Given data -
== Segment start ==

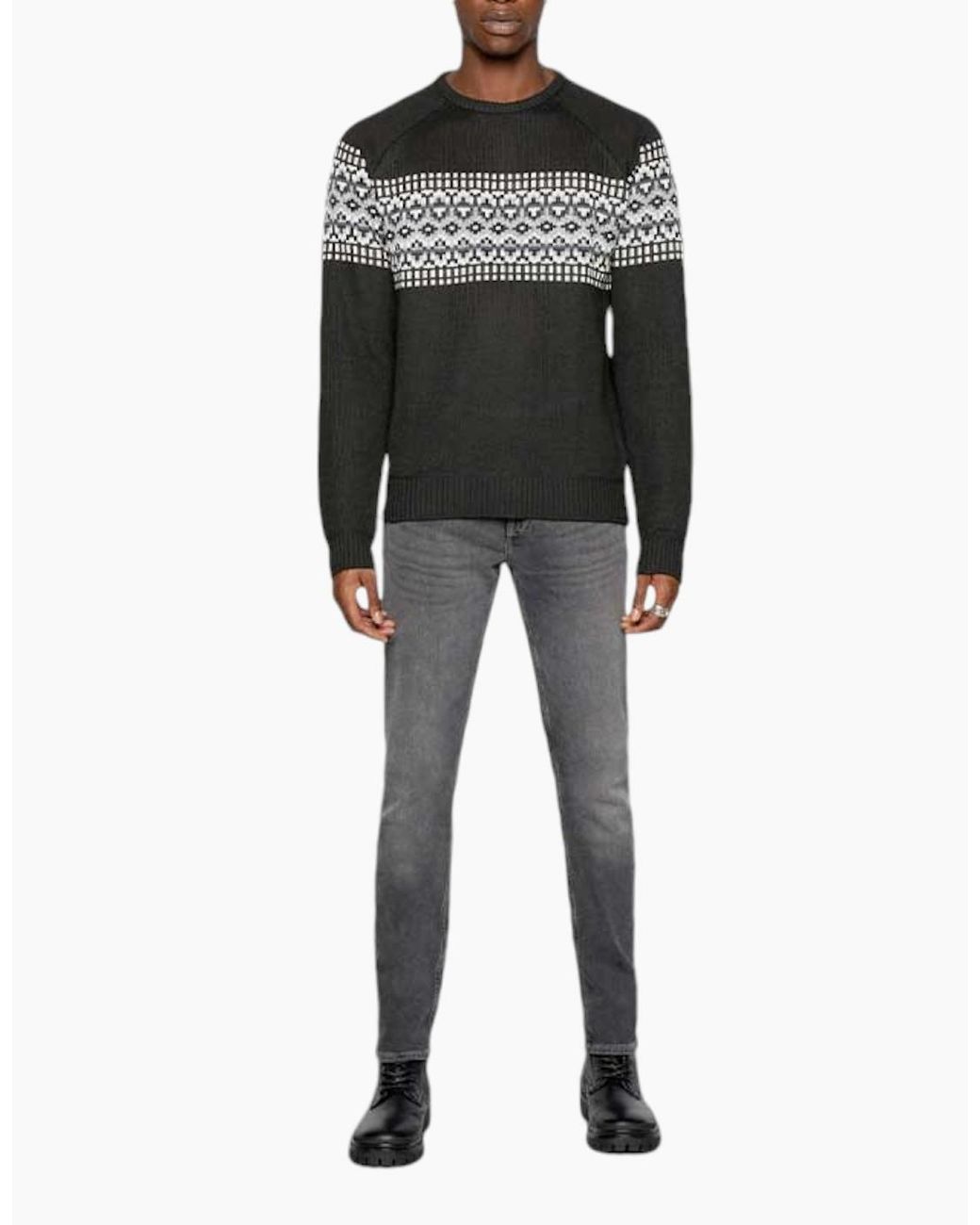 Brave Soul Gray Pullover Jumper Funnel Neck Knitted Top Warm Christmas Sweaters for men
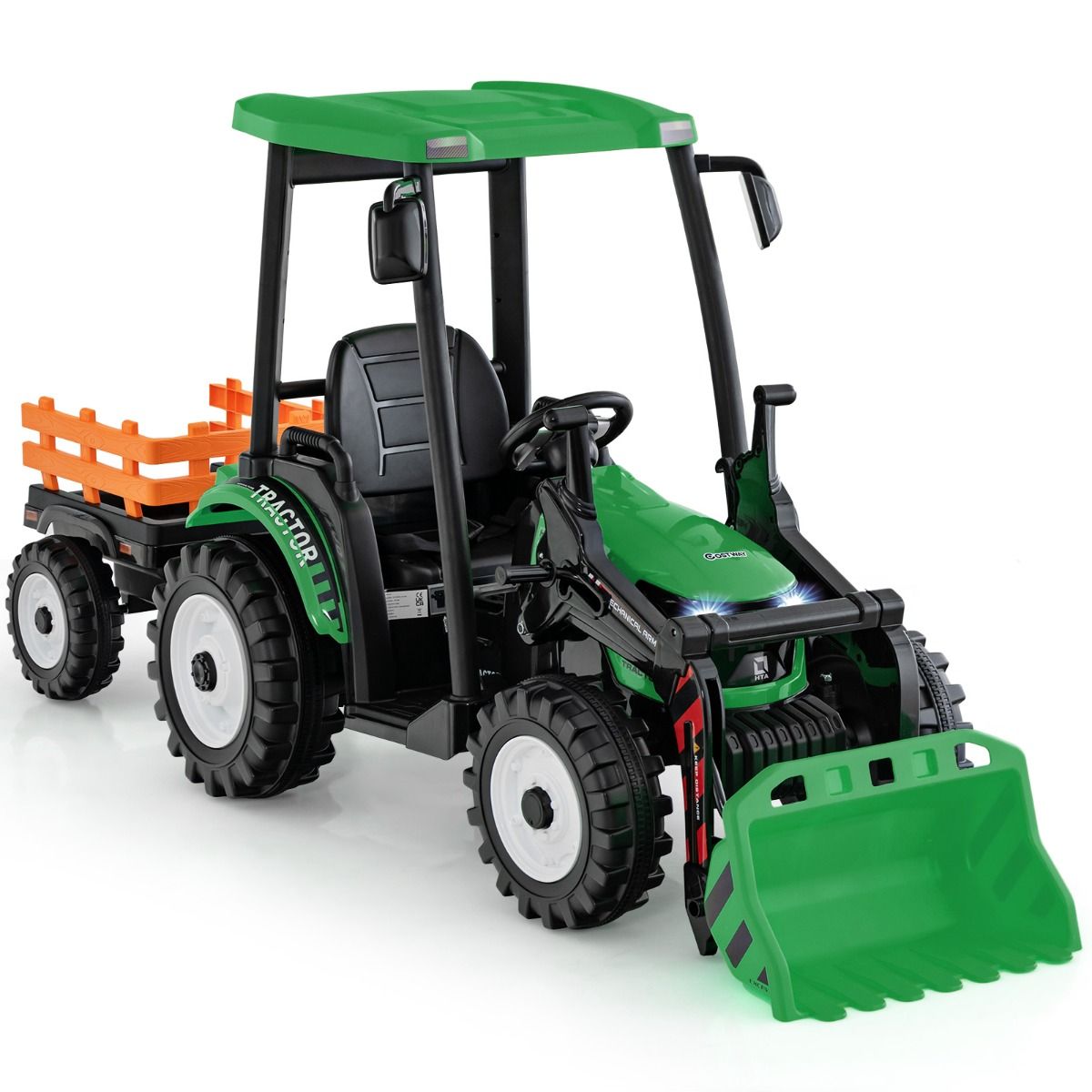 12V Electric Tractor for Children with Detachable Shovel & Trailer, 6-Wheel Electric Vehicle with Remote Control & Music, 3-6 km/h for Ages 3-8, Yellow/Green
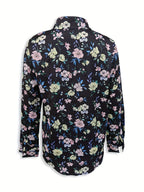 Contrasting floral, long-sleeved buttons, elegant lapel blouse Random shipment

== Segment end ==
== Segment start ==

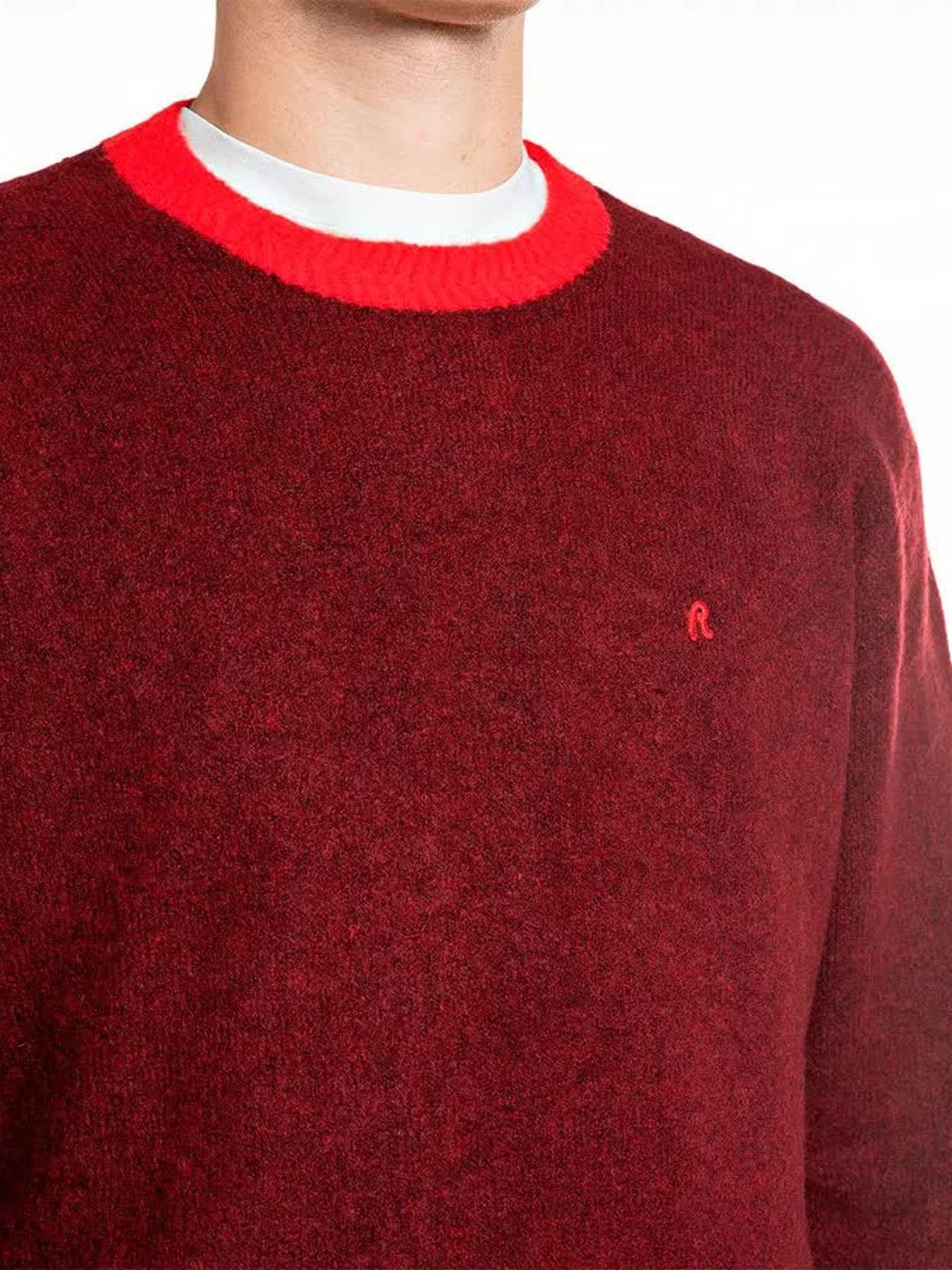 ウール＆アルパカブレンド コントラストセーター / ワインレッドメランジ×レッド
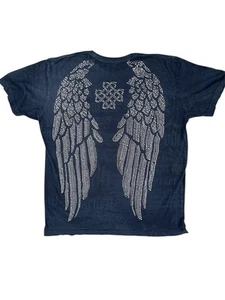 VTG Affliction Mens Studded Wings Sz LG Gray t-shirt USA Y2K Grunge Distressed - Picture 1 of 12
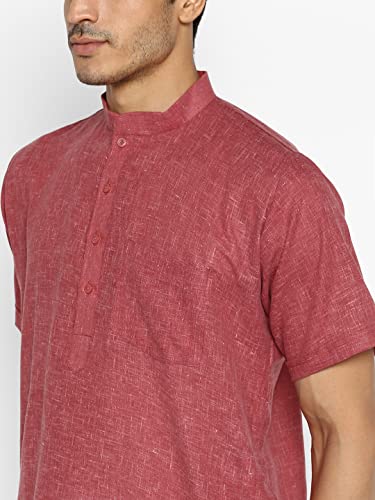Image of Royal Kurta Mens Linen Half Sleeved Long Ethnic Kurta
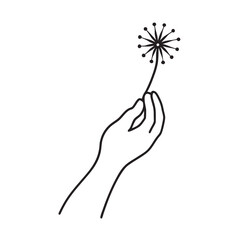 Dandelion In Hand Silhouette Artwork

== Segment end ==

Problem statement -
I'd like the lines above repeated exactly, from the one that contains "Image of Royal" through the one that contains "Dandelion In Hand Silhouette Artwork", with no pictures.

Task solution -
Image of Royal Kurta Mens Linen Half Sleeved Long Ethnic Kurta
 Dandelion In Hand Silhouette Artwork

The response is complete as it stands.